Assignment: Reproduce the entries shown below only from the line with "Cozy bedroom featuring" down to the line with "Hot Air Balloon beyond the Redrocks.", keeping both end lines and copying each one exactly.
(Beginning of Given information)
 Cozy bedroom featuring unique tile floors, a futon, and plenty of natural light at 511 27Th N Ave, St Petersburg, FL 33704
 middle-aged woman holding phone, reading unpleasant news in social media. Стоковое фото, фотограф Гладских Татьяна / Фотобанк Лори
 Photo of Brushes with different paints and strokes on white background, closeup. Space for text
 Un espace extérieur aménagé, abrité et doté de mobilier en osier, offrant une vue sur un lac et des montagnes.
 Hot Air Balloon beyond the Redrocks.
(End of Given information)
(Beginning of Given information)
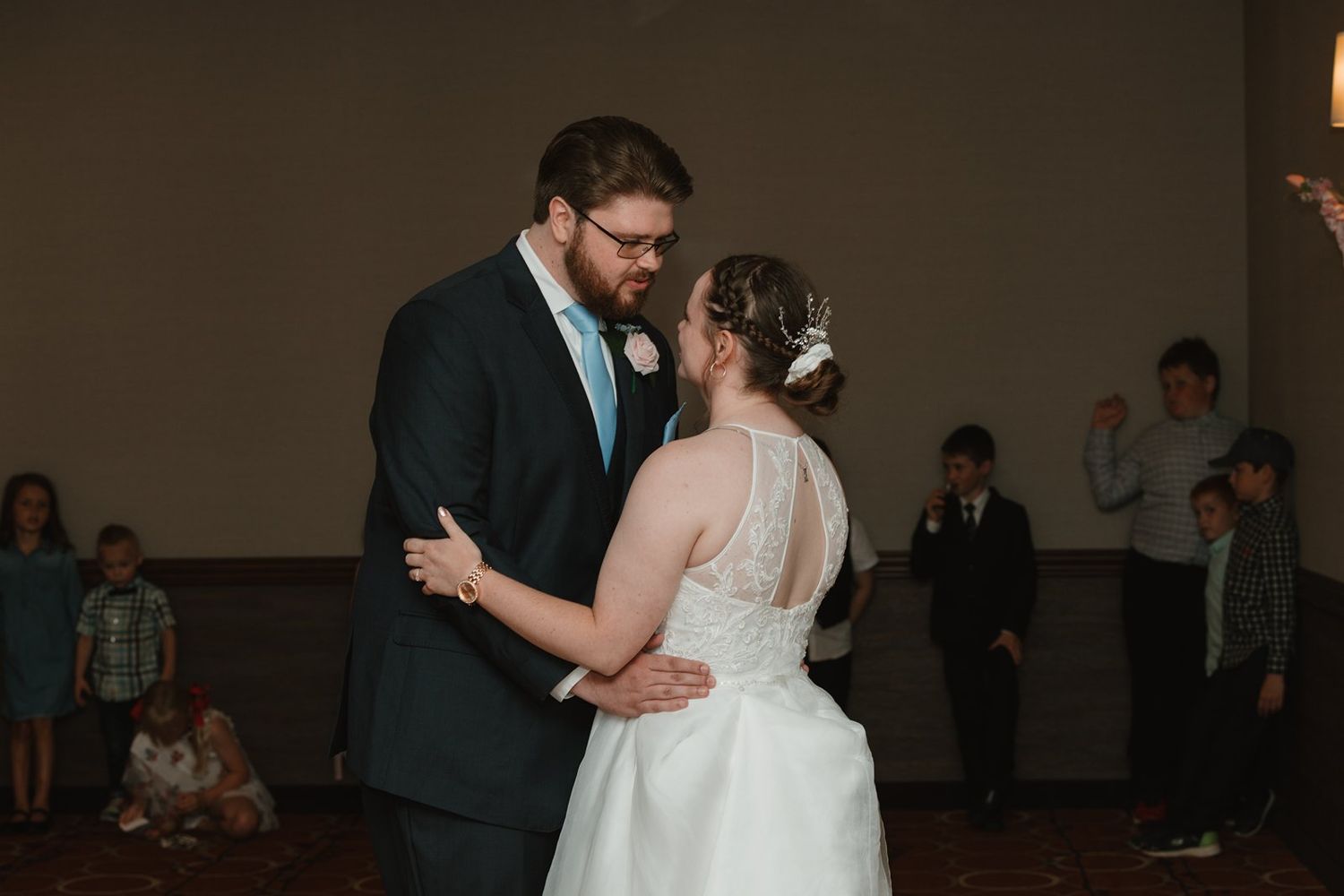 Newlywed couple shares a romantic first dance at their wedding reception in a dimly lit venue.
(End of Given information)
(Beginning of Given information)
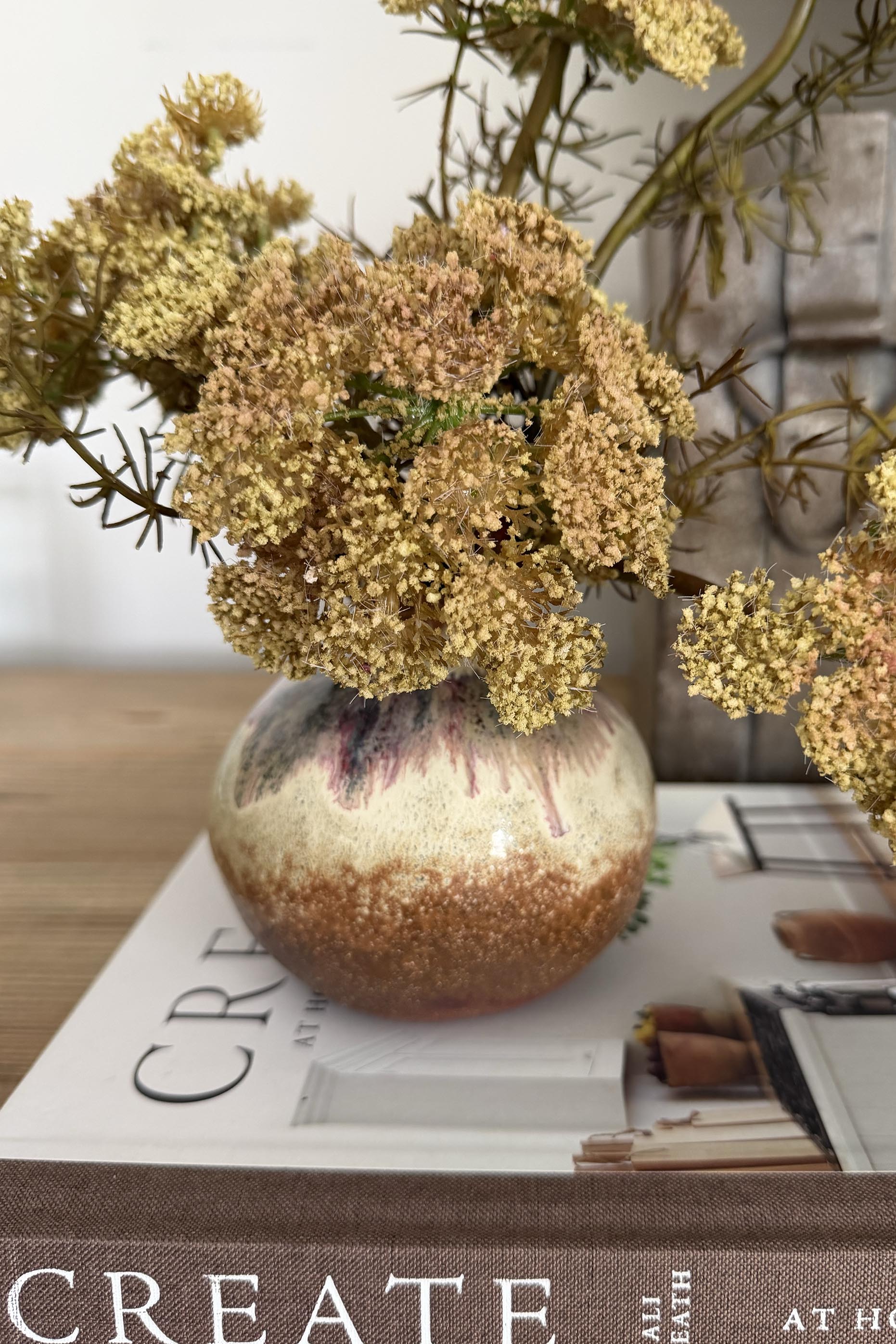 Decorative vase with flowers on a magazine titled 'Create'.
(End of Given information)
Problem solution:
 Cozy bedroom featuring unique tile floors, a futon, and plenty of natural light at 511 27Th N Ave, St Petersburg, FL 33704
 middle-aged woman holding phone, reading unpleasant news in social media. Стоковое фото, фотограф Гладских Татьяна / Фотобанк Лори
 Photo of Brushes with different paints and strokes on white background, closeup. Space for text
 Un espace extérieur aménagé, abrité et doté de mobilier en osier, offrant une vue sur un lac et des montagnes.
 Hot Air Balloon beyond the Redrocks.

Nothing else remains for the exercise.